Comment by john_maxwell on Alignment As A Bottleneck To Usefulness Of GPT-3 · 2020-07-26T09:33:19.274Z · score: -3 (3 votes) · LW · GW

There is a single coherent position here in which it is very hard to build an AGI which reliably is not a paperclipper.


This is simultaneously

  • a major retreat from the "default outcome is doom" thesis which is frequently trotted out on this site (the statement is consistent with a AGI design that's is 99.9% likely to be safe, which is very much incompatible with "default outcome is doom")
  • unrelated to our upload discussion (an upload is not an AGI, but you said even a great upload wasn't good enough for you)

You've picked a position vaguely in between the motte and the bailey and said "the motte and the bailey are both equivalent to this position!"  That doesn't look at all true to me.

All those straightforward ways have failure modes which will definitely occur in at least some range of parameters, and we don't know exactly what those parameter ranges are.

This is a very strong claim which to my knowledge has not been well-justified anywhere.  Daniel K agreed with me the other day that there isn't a standard reference for this claim.  Do you know of one?

There are a couple problems I see here:

  • Simple is not the same as obvious.  Even if someone at some point tried to think of every obvious solution and justifiably discarded them all, there are probably many "obvious" solutions they didn't think of.
  • Nothing ever gets counted as evidence against this claim.  Simple proposals get rejected on the basis that everyone knows simple proposals won't work.

A MIRI employee openly admitted here that they apply different standards of evidence to claims of safety vs claims of not-safety.  Maybe there are good arguments for that, but the problem is that if you're not careful, your view of reality is gonna get distorted.  Which means community wisdom on claims such as "simple solutions never work" is likely to be systematically wrong.  "Everyone knows X", without a good written defense of X, or a good answer to "what would change the community's mind about X", is fertile ground for information cascades etc.  And this is on top of standard ideological homophily problems (the AI safety community is very self-selected subset of the broader AI research world).

What I'm saying is, that truss is design is 100% going to fail once it gets big enough, and we don't currently know how big that is.
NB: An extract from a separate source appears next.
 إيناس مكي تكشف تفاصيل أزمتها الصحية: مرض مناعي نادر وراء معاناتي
When I say "it's hard to design a long bridge which won't fall down", I do not mean a bridge which might not fall down if we're lucky and just happen to be within the safe parameter range.
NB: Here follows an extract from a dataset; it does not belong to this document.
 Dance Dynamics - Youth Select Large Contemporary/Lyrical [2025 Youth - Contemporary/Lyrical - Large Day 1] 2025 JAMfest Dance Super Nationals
My perception of your behavior in this thread is: instead of talking about whether the bridge can be extended, you changed the subject and explained that the real problem is that the bridge has to support very heavy trucks.  This is logically rude.  And it makes it impossible to have an in-depth discussion about whether the bridge design can actually be extended or not.  From my perspective, you've pulled this conversational move multiple times in this thread.  It seems to be pretty common when I have discussions about AI safety people.  That's part of why I find the discussions so frustrating.  My view is that this is a cultural problem which has to be solved for the AI safety community to do much useful AI safety work (as opposed to "complaining about how hard AI safety is" work, which is useful but insufficient).
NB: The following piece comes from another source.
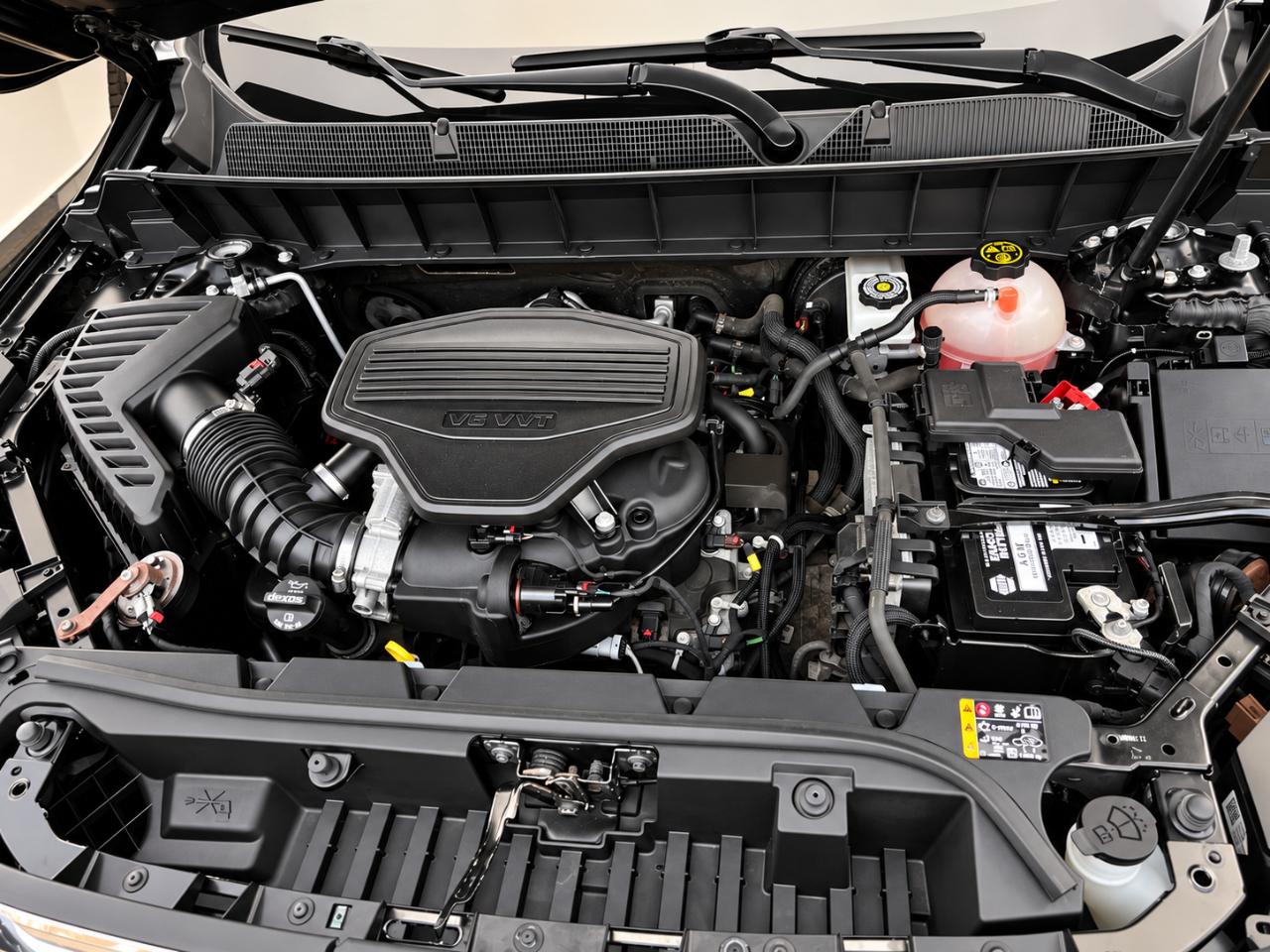 GMC Acadia SLT-1 AWD 2019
Anyway, I'll let you have the last word in this thread.

Comment by john_maxwell on Alignment As A Bottleneck To Usefulness Of GPT-3 · 2020-07-25T09:47:50.860Z · score: 2 (1 votes) · LW · GW

if we're not just optimizing for predictive power, then we need some other design criteria, some other criteria for whether/how well the system is working.

Optimize for having a diverse range of models that all seem to fit the data.